In these lines, Tamar Yoseloff voices Jackson Pollock as part of a remarkable narrative sequence, but such is her versatility that it may also speak of her own prolific, multi-faceted output. An American, long resident in London, Yoseloff is particularly powerful in the crossover areas between words and visual art. Working with both artists and galleries, she also “explores the intersection between poetry and visual art in her blog Invective Against Swans”; her finest and most daring work lives in that very intersection.
I confess an initial reservation about A Formula for Night, which spans twenty years, seven published collections and some newer as yet uncollected poems. Grouping poems chronologically under the book of their first outing, often feels an editorial opportunity missed. Rather than a roll call of greatest hits, I’ve tended to want the poems to interact differently in their new setting, the old challenging the new and vice versa. However, while that may be true sometimes, I was wrong here. It would be hard to imagine a better, more informative or revealing structure.
Whilst there is an autobiographical narrative, albeit not in a straightforwardly confessional tone, it is not only in the tracing of the poet’s life that this ordering makes sense. By this shaping, we come to understand her considerable creative development.

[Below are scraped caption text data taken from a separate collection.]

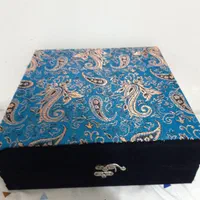 دوعدد جام مس کاری شده در جعبه فوق شیک|صنایع دستی و سایر لوازم تزئینی|تهران, جنتآباد شمالی|دیوار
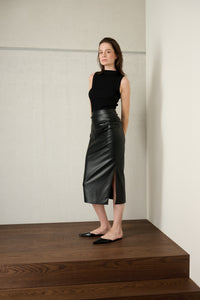 806 - Black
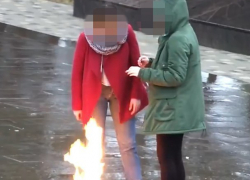 Школьницы, надругавшиеся над Вечным огнем в Краснодарском крае, попали на видео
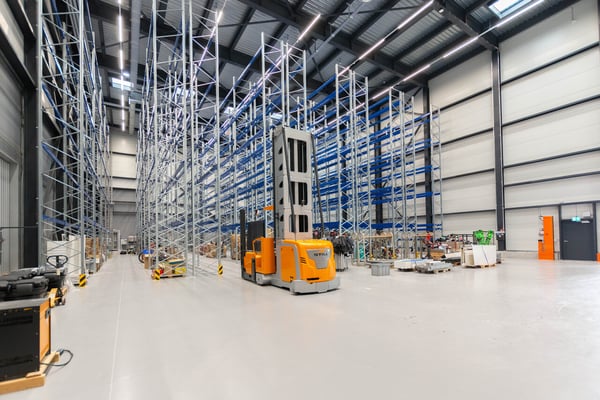 Gewerbeliegenschaft mit Hochregal-Lager 7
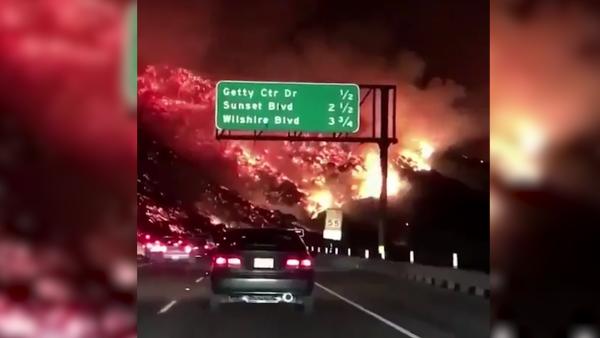 加州山火犹如灾难电影，直逼洛杉矶市区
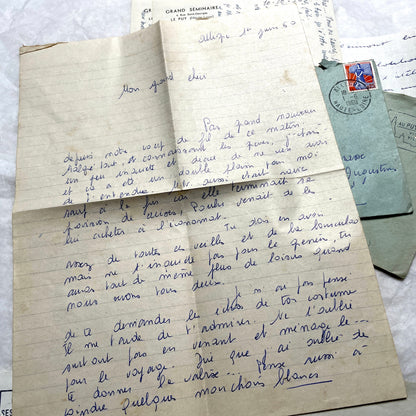 Set of 5 French handwritten letters and envelopes from the 1950s with distinct penmanship and postmarks.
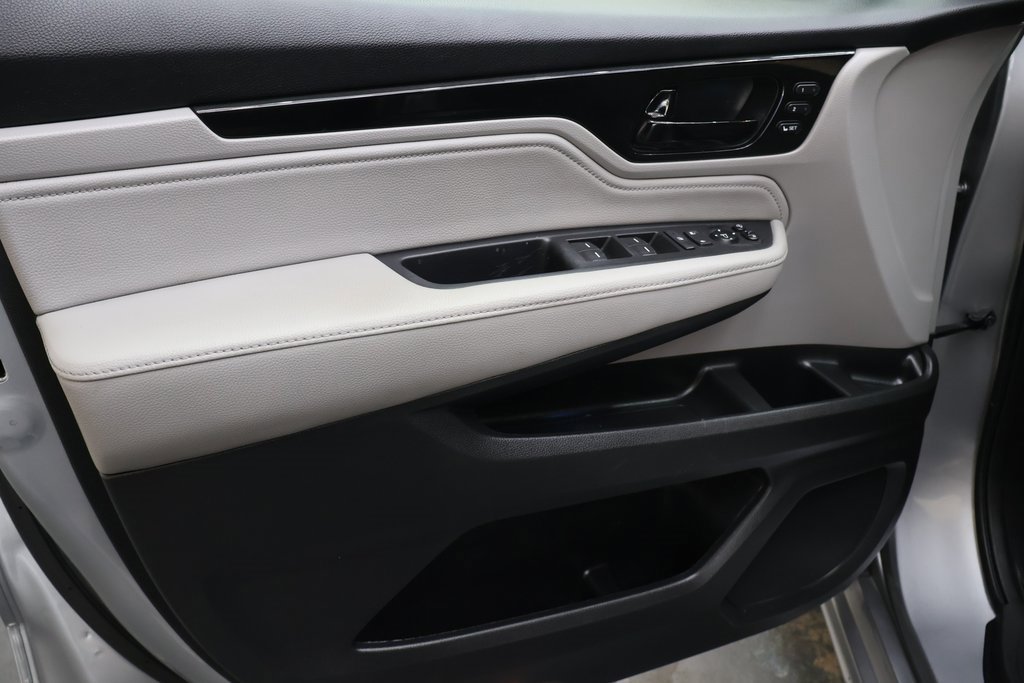 Used 2021 Honda Odyssey Elite image 17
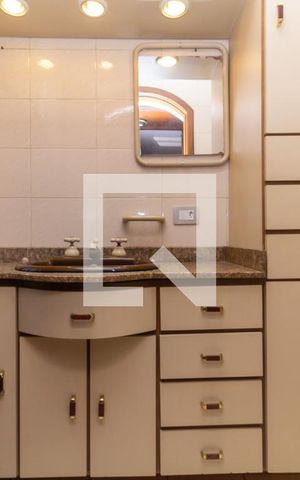 Casa à venda com 300m², 5 quartos e 2 vagas Casa à venda com 300m², 5 quartos e 2 vagasBanheiro do quarto 1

The first two sections (Sweetheart, 1988 and Barnard’s Star, 2004) reveal an already assured talent, adept at capturing nuances of place, and particularly time, with pithy and witty cultural references. With an underlying, growing and prescient layer, exploring mortality and questioned immortality, Yoseloff is equally at home framing London at Christmas, Venice’s cemetery island and “The Nolans in Japan”.
However, something really exciting happens from the third section on (Fetch, 2007), and sharpens thereafter. This is the overt beginning of her interface with visual art, reflected not solely thematically or ekphrastically, but as an exchange affecting the very form of her poetry. Here are the first of several prints which are not decorative embellishments, but integral to the construction and tactile crafting of the poems. In Marks, 2007, Yoseloff collaborates in an Artist’s book with Linda Karshan. These staccato poems play with form, synchronising with the images.
Hold it in your hand
hold it to the lightbird bone
breaker
stone
delicate crevice of ice –
broken
Something unsettling is happening in this progression.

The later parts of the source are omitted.